Someone in my people circle has a catch phrase they use frequently in response to my strong, over exaggerated and partly humorous opinions and spins I sometimes dole out, "Don't be a hater."   His response is no doubt an over exaggeration as well as brushed with a bit of humor.

I do though hate cliches.  I hate them with a fiery passion.  Don't get me wrong, I love when the perfect words can be coined, whether spoken or written, that succinctly and brilliantly say something in a poignant way.  I hate though when a cliche is used prematurely, loosely, carelessly before time has revealed its truth buried in the presentness of the hurt.  I hate when a cliche is used like a pep talk to a football team in the locker room at half time. 

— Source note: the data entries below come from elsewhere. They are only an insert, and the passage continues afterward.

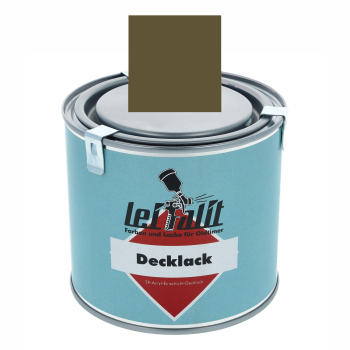 Lackfarbe Leifalit - olivgrün (0,5 Liter)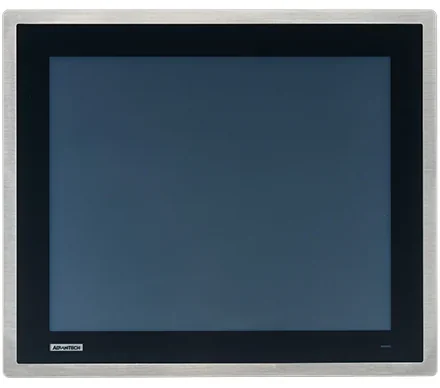 17" SXGA Industrial Monitor with Resistive Touch Control, Direct VGA, DP Ports, and 304 Stainless Steel Front Bezel
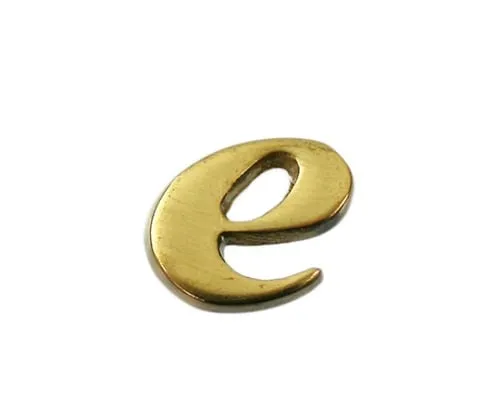 61-7430-81　Brass Gold Characters Small Characters E　QS20-E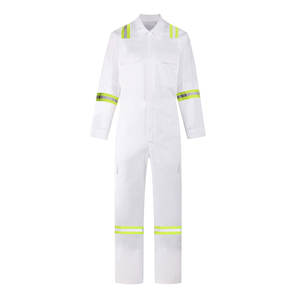 Combinaisons de sécurité imperméables à prix d'usine avec éléments réfléchissants, nouvelle arrivée, combinaison de sécurité respirante 100% coton, ignifuge, industrielle - Product Image 1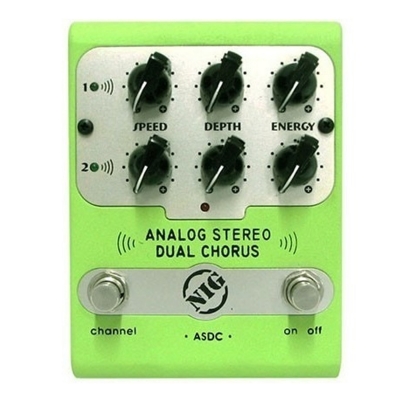 Pedal Nig Analogico Stereo Dual Chorus Asdc Para Guitarra e Baixo 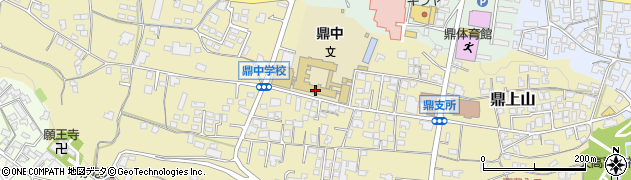 飯田市立鼎中学校周辺の地図
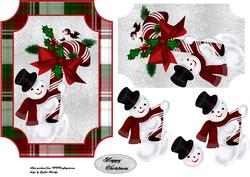 7x5 Cute Snowman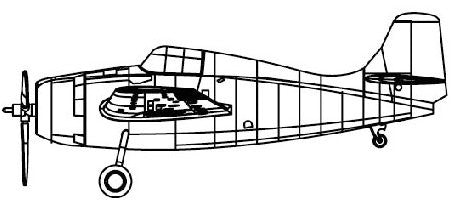 Trumpeter Models 4205 F4F Wildcat 1:200(5)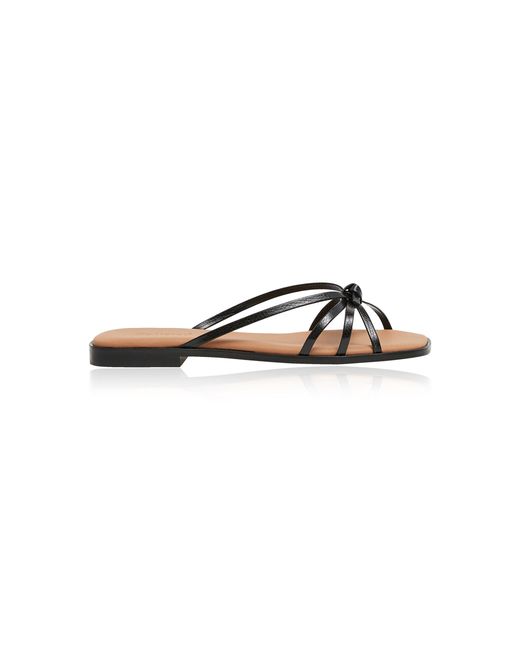 Flattered Black Mimosa Suede Sandals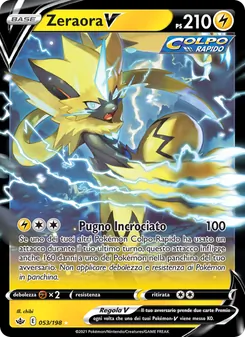 Carta Zeraora V dell'espansione Regno Glaciale, numero 53/198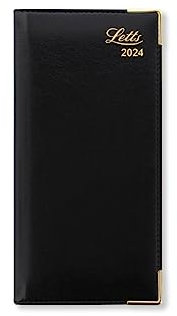 Letts Lexicon Slim 2024 week to view diary with appointments - black
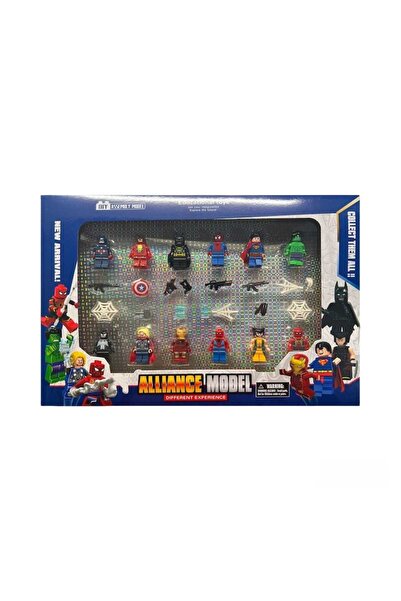 Virtual Trend Set of 12 Virtual Trend® figures, Super Hero Alliance, Multicolor, 5 cm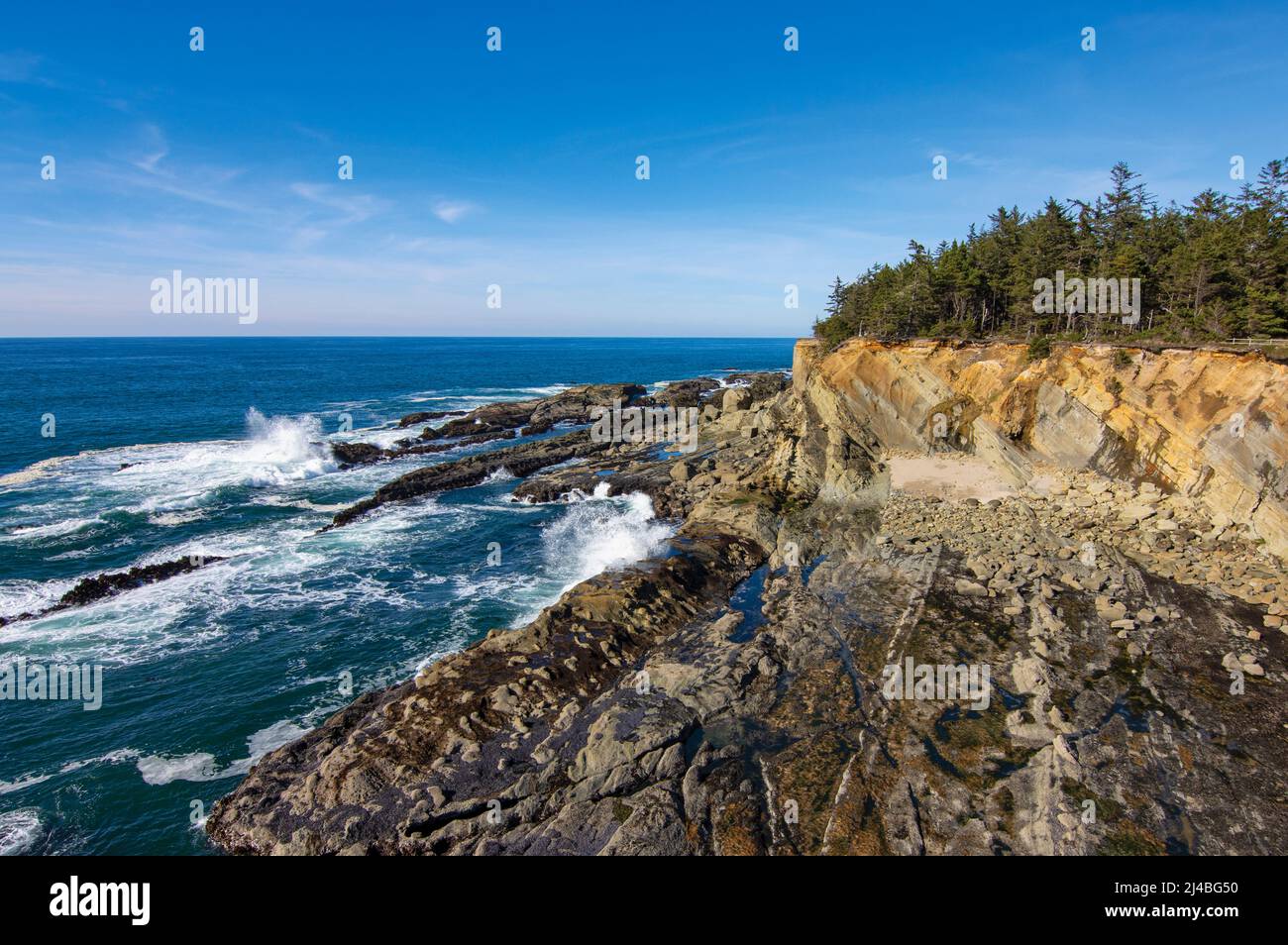Oregon Coast, Coos Bay and North Bend recreation areas Stock Photo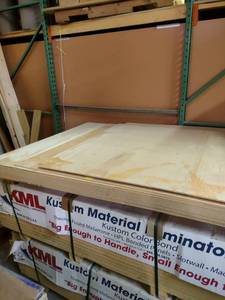 lot 906 image: 4x8 quarter inch MDA BID IS PER A SHEET For Example 100 sheets in a lot your bid will be 100 x your bid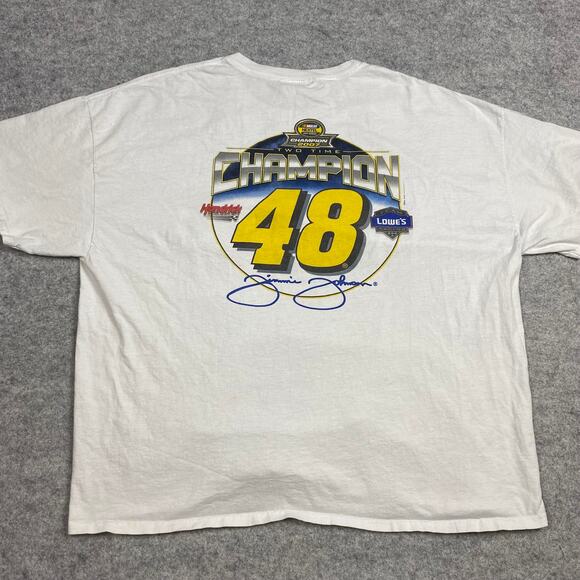 Jimmy Johnson 48 shirt men’s 3XL NASCAR Champion Hendrix nextel cup series - Picture 8 of 10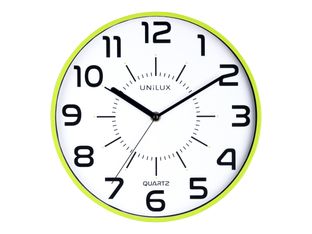 Unilux - Horloge Pop - mécanisme quartz - 28 cm - anis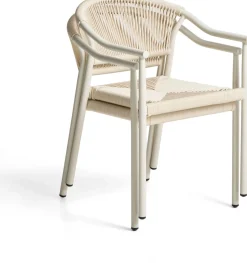 Best Kave Home Livadia Tuinstoel Ecru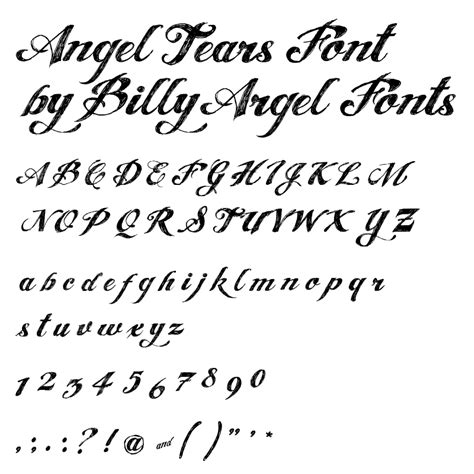 angel tears font tester|angel tears font generator.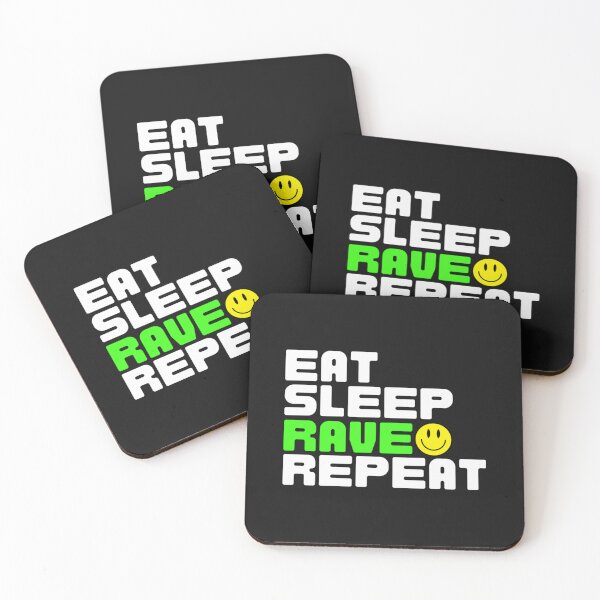 Artikelvorschau, Eat Sleep Rave Repeat Raver entworfen und verkauft von ToiTanECX.
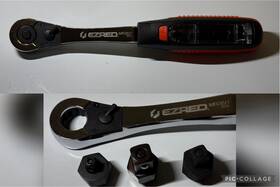 Mr3n1 Ezred - 3 In 1 Ratchet 1/4 Inch 3/8 1/2 All Stored The Handle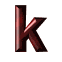 GIF animado (44062) Letra k roja verde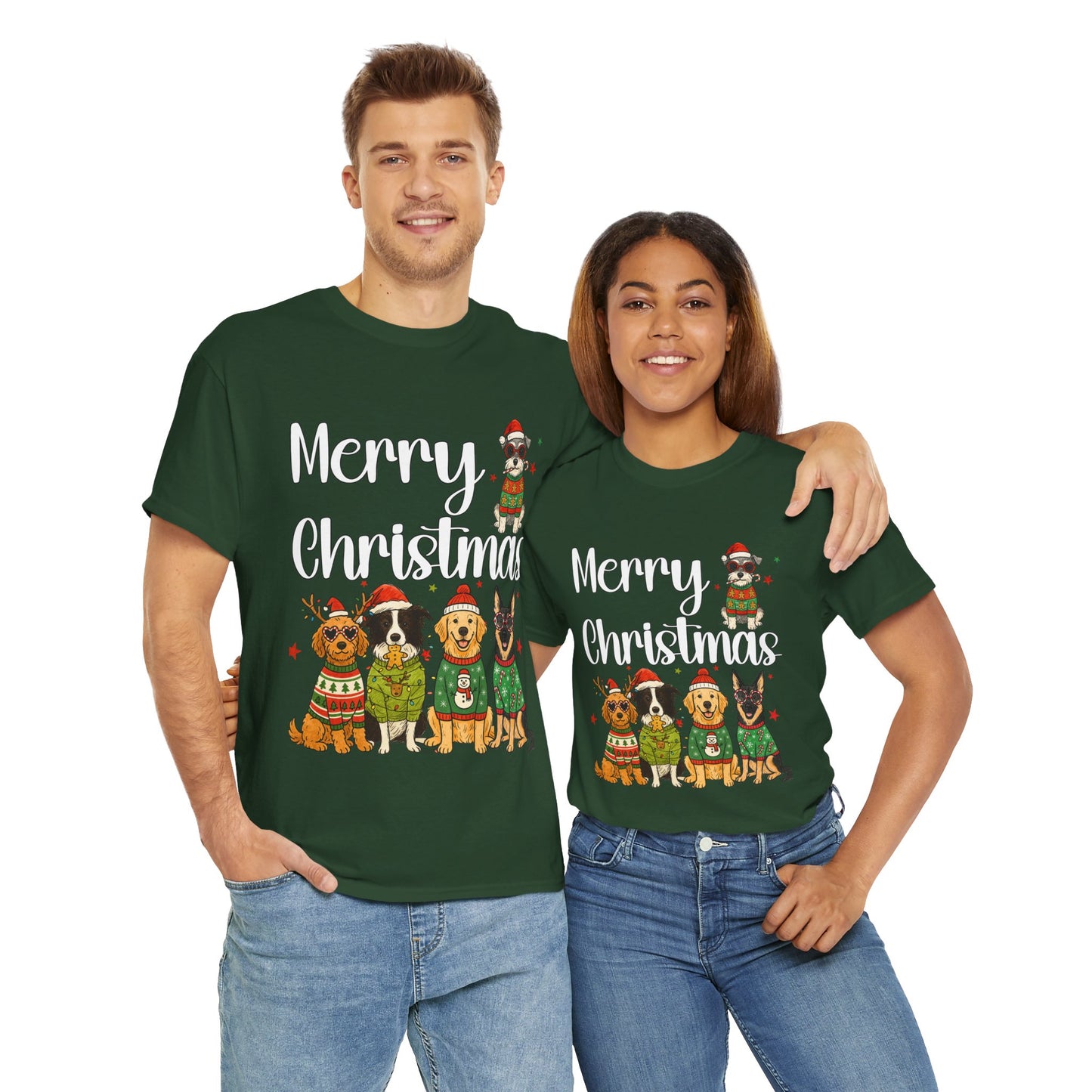 Dog Lover Christmas Tee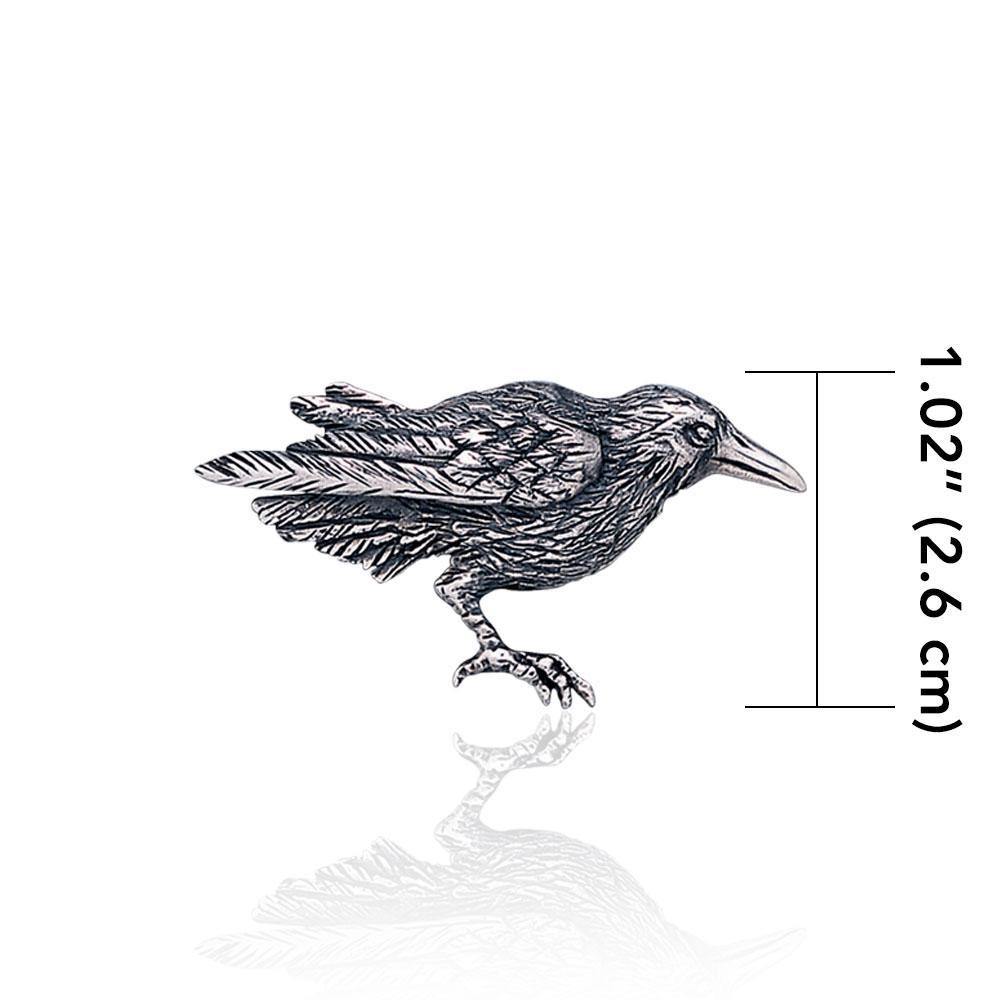 The mythical wisdom of a Raven ~ Sterling Silver Brooch TBR234 Brooch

Words may be true, accurate, coming from someone far more experienced in the circumstance than us, from someone who has weathered the same storm and come out the other side, but they cannot fast forward our emotions, our reactions, or our pain.  That's why cliches make me crazy.

Cliches are no doubt said for a couple of different reasons; experience shared by someone who has passed through the fire, lack of connectedness personally to the situation so someone else's words have to be used, and ignorance.  The first reason I don't like, but can tolerate even though a person of experience should address the period of healing en route to the cliche, the end result.  The second reason just purely pisses me off.  I would rather you say nothing than to say something because you don't know what to say and feel you must say something.  Silence can be very empathizing when words don't meet the need.  The third reason is reserved for the emotionally deficient folk who use cliches like a form letter ignorantly thinking they are meeting the need.  They have no clue that in "ministering" with a cliche they have actually minimized and fractionalized the other person's pain and hurt.

While very true, cliches are the end result, the collective musings from having survived, seen the pain decrease, and had time elapse.  They are not the fuel for the journey through the circumstance.  Cliches by-pass the present struggle.  They, though sometimes meant as encouragement, have a hint of "mind over matterness" in them.  Mostly they are things we know but just can't feel quite yet. 

God created us with deep emotions.  He actually made us that way.  To have emotions is His design for us to feel, to experience the gammet of extreme joy to deep sorrow.  I believe without one of those emotions we could not experience the other extreme either.  Those feelings, those emotions, are God's way of connecting us to life, people, and ultimately to Him. 

To cliche away hard situations, the pain we are experiencing, is to short-circuit processing in our humanness the bigness of things beyond ourselves.  We find God in deeper streams in the difficult, the hurt, the struggle.  Right smack dab in the midst is hard, uncomfortable, excruciatingly painful experiences designed to be felt, wrestled with.  It's part of how we come to terms with reality, God's timing and our own disappointment between what we thought would happen and what actually did. 

I told my daughter recently, in the midst of one of her own deep streams, that I really didn't know more than about two things;  That as deep and fierce as my love is for her, God loves her so much more that it is absolutely crazy and mind blowing.  And, time is part of the healing process for just about everything in our lives. 

Cliches are a bit too trite, impersonal, over used to the point of losing their effectiveness and far too precisely concise for me.    Life is big yet highly intimate.  At times it is in your face and frequently, very messy.  Time's seasons help the hurt, the pain, and put distance between their intensity and us, eventually.  Until that happens, cliches are fairly meaningless.  Fairly is too soft really.